Related queries load asynchronously: relatedQueries requires wait stable after navigation; results may be empty if the page has not fully settled.

Execution Efficiency

Batch orchestration: Write a bash script to loop through keywords serially within one browser session; add a 2–5 second delay between requests to avoid triggering rate limits.
Test before batch execution: After writing a batch script, test with 1–2 keywords first to verify it runs correctly; only then run the full batch.
Reduce redundant pre-operations: Reuse the same browser session across multiple keywords — navigate directly to each search URL without returning to the homepage.
Error resumption: Save results keyword by keyword; on CAPTCHA or failure, resume from the breakpoint rather than starting over.
Multi-session parallelism: To increase throughput, open multiple stealth browser sessions (each with its own proxy fingerprint) and distribute keywords across them.

Experience Notes

Path: {working-directory}/browser-act-skill-forge-memories/google-search-scraper-google-search-serp.memory.md (working directory is determined by the Agent running the Skill, typically the project root or current working directory)

Before execution: If the file exists, read it first — it records unexpected situations encountered during past executions (e.g., a strategy has become ineffective); adjust strategy order accordingly.

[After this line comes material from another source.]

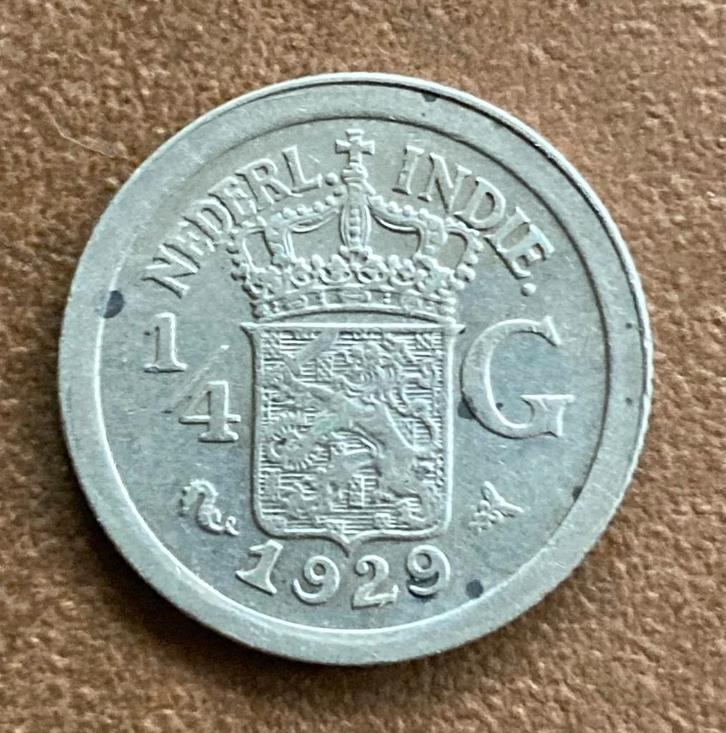 Zilveren 1/4 Gulden / kwartje Nederlands Indië 1929, Postzegels en Munten, Munten | Nederland, Losse munt, 25 cent, Koningin Wilhelmina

After execution: If an unexpected situation is encountered (strategy became ineffective, page redesigned, anti-scraping upgraded, better path discovered), append a line: {YYYY-MM-DD}: {what happened} → {conclusion}

Normal execution does not write to the file. Do not record what keywords were used or how many results were returned — those are task outputs, not experience.